毎日掃除をしても部屋の隅に埃が溜まるのだから、年単位でほったらかしの納屋が散らからないわけがない。村の行事で急に必要になった手回しの石臼を探しに来たのだが、一向に見つからなかった。
「おかしいなあ……捨てるはずもないし、ハンナさんが使っていないなら、ここにしまうはずなんだが」
ロレンスは体を起こして頭を掻いて、埃っぽい納屋の中からいったん外に出た。
「見つからないのかや」
納屋の前にある切株に座っているのは、格子模様の大きな毛織物を肩から羽織ったホロだった。亜麻色の髪をゆったりとした三つ編みにして、長いスカートを穿いておとなしくしていれば、まだ幼さを残した若い新妻に見える。
しかし、ホロは見た目ほど若くないし、毛織物の下からは、同じ色をした獣の尻尾が覗いている。防寒用の毛皮ではなく、本物のホロの尻尾であり、その持ち主は御年数百歳の狼の化身であった。

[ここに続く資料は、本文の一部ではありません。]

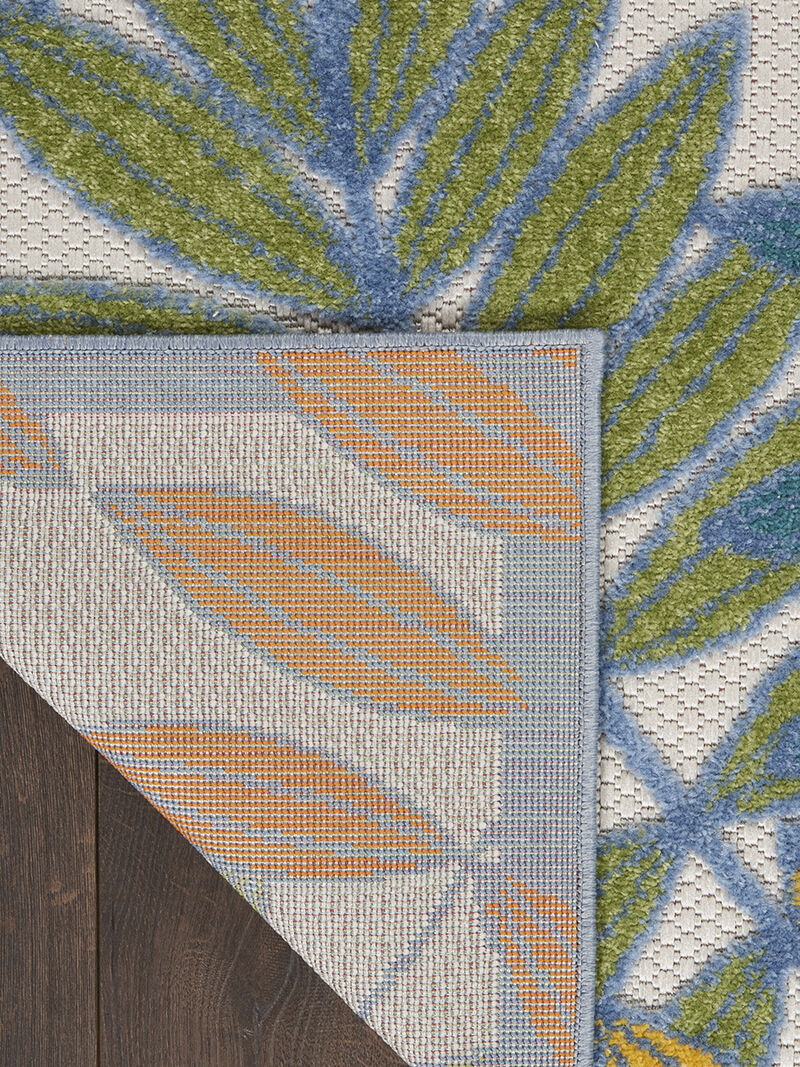 Aloha ALH18 Ivory/Multicolor 9' x 12' Rug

十数年前に行商をしていたロレンスと知り合い、旅路の果てに、北の地のニョッヒラという温泉地で夫婦に収まったのだ。
「石の匂いで探してくれ……というのも無理だよな」
ホロは狼の化身だけあって頭には大きな三角の獣の耳があり、鼻も犬並みに良い。山で落とし物をしても見つけてくれるくらいだが、石臼は難しそうだ。

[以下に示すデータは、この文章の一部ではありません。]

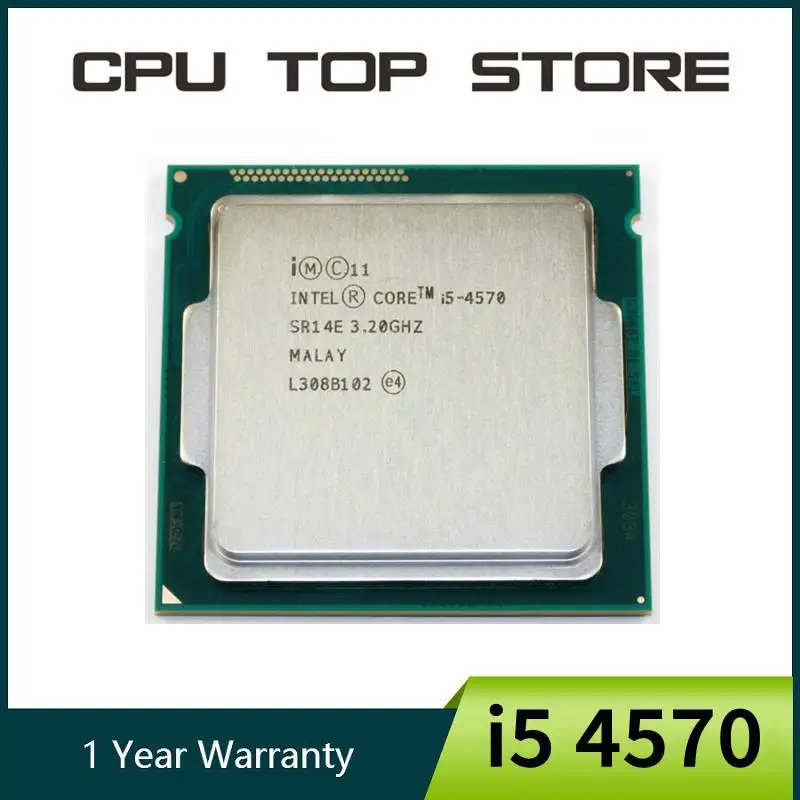 Go! Used Intel Core i5 4570 3.2GHz 6MB Socket LGA 1150 Quad-Core CPU Processor SR14E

「ぬしが毎晩石臼を抱いて寝ておれば、できたかもしれぬがのう」
「浮気をしたら、そんな目に遭いそうだ」
苦しむこちらの姿をじっと見ながら酒を飲むホロの姿が、容易に想像できた。
「たわけ。ぬしが浮気などしたら、さっさと八つ裂きにしてやりんす」
背中を丸めて膝の上に頬杖をつき、にっと牙を見せる。
ただ、ホロはこんなことを言いながら、いざそうなったらきっと怒るよりも悲しむだろう、とロレンスは思う。そして、泣かれたほうが八つ裂きにされるよりもよほど辛いだろうとも。
「肝に銘じておこう」
「ぬしの小さい肝に銘じられればよいがのう」
ホロはそう言って立ち上がると、ひょいと納屋の戸口に立って、中を覗きこんだ。
「ものだらけじゃな」
「湯屋を構えて十年だからな。色々溜まるさ」
「ふむ。確かに、あれこれ見るとそれぞれ思い出すのう」
納屋には斧や鋸や金槌など普段から使うものもあれば、客の忘れ物や預かりもの、あるいは壊れた椅子の部品やらもある。どれもこの十年を意味づける代物ばかりだった。

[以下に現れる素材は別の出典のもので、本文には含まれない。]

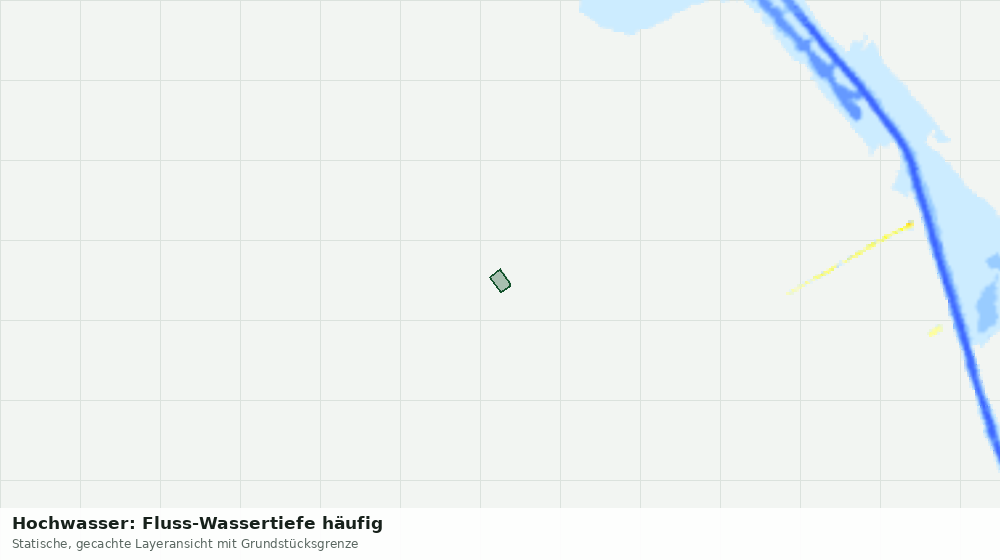 Statische Kartenansicht: Hochwasser: Fluss-Wassertiefe häufig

「この網も……ミューリが小さい頃にベッド代わりにしておったものじゃろう?」
壁にぶら下げてあった、埃まみれの網に指を触れてホロが目を細めていた。
ゆりかご代わり、というよりかは、元気なミューリは放っておくとどこでなにをしでかすかわからなかったので、どうしても手が離せない時は網に入れてぶら下げておいたのだ。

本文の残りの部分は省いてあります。